DataStax sponsored this post.
In this post, we’ll give you a sneak peek of our presentation at KubeCon 2021, where DataStax and Google Cloud Platform will show you how to leverage Kubernetes and Apache Cassandra to more easily manage distributed applications with thousands of nodes across both on-premises and in the cloud.
Global applications need a data layer that is as distributed as the users they serve. Apache Cassandra has risen to this challenge, handling data needs for the likes of Apple, Netflix and Sony.
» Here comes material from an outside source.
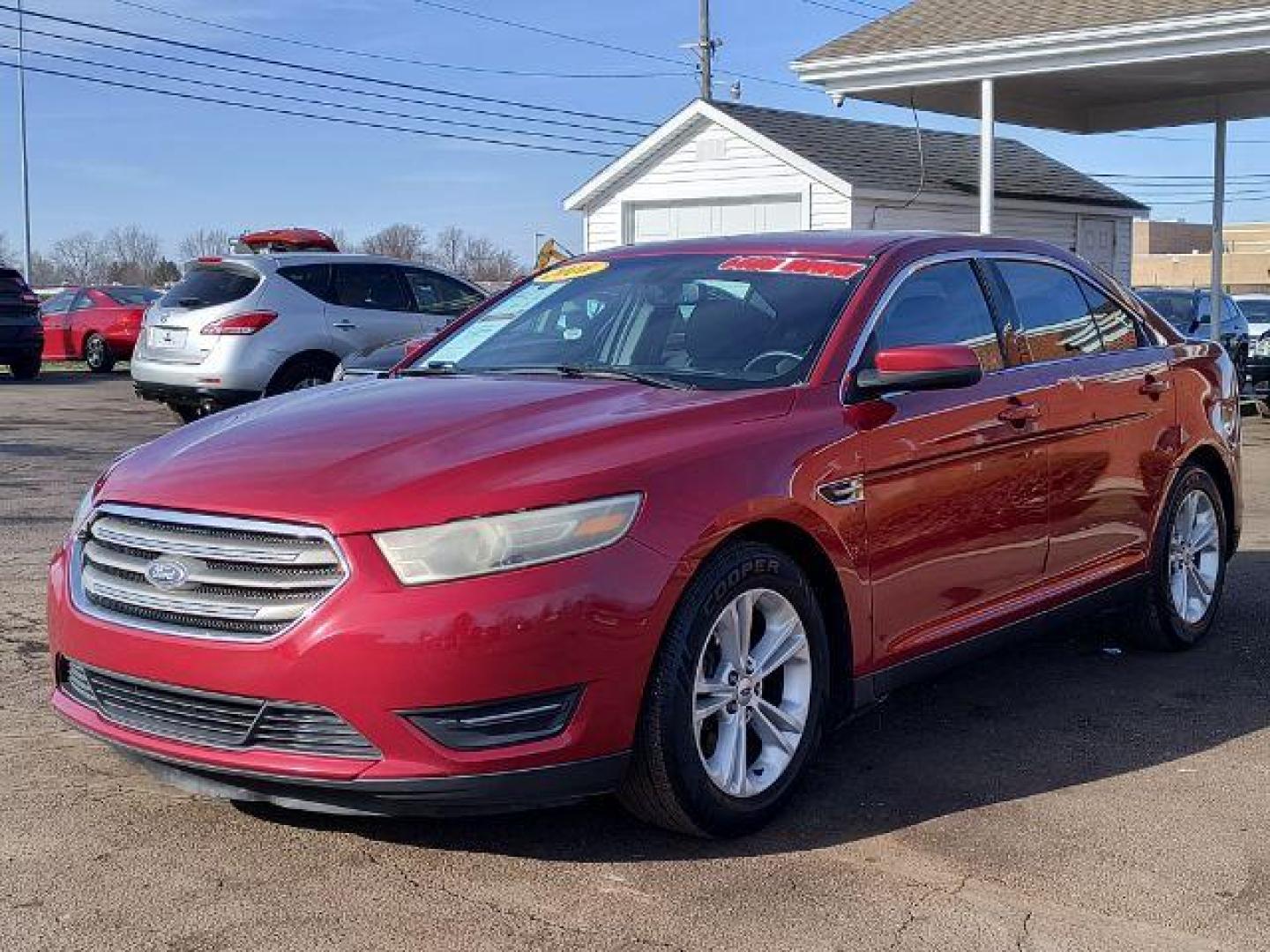 2016 Ford Taurus SEL FWD (1FAHP2E8XGG) with an 3.5L V6 DOHC 24V engine, 6-Speed Automatic transmission, located at 1865 W 2nd St., Xenia, OH, 45385, (937) 372-7777, 39.681259, -83.961945 - 2016 Ford Taurus SEL FWD - Photo#1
Traditionally, managing data layers for a distributed application was handled with dedicated teams to manage the deployment and operations of thousands of nodes, both on-premises and in the cloud.
To alleviate much of the load felt by DevOps teams, we evolved a number of these practices and patterns in K8ssandra, using the common control plane afforded by Kubernetes (K8s) There has been a catch though: Running a database, or indeed any application, across multiple regions or K8s clusters is tricky without proper care and planning up front.
To show you how we did this, let’s start by looking at a single region K8ssandra deployment running on a lone K8s cluster. It is made up of six Cassandra nodes spread across three availability zones within that region, with two Cassandra nodes in each availability zone. In this example, we’ll use the Google Cloud Platform (GCP) zone name. However, our example here could just as easily apply to other clouds or even on-prem.
Here’s where we are now:
The goal is to have two regions, each with a Cassandra data center. In our cloud-managed K8s deployment here, this translates to two K8s clusters, each with a separate control plane, but using a common virtual private cloud (VPC) network. By expanding our Cassandra cluster into multiple data centers, we have redundancy in case of a regional outage, as well as improved response times and latencies to our client applications given local access to data.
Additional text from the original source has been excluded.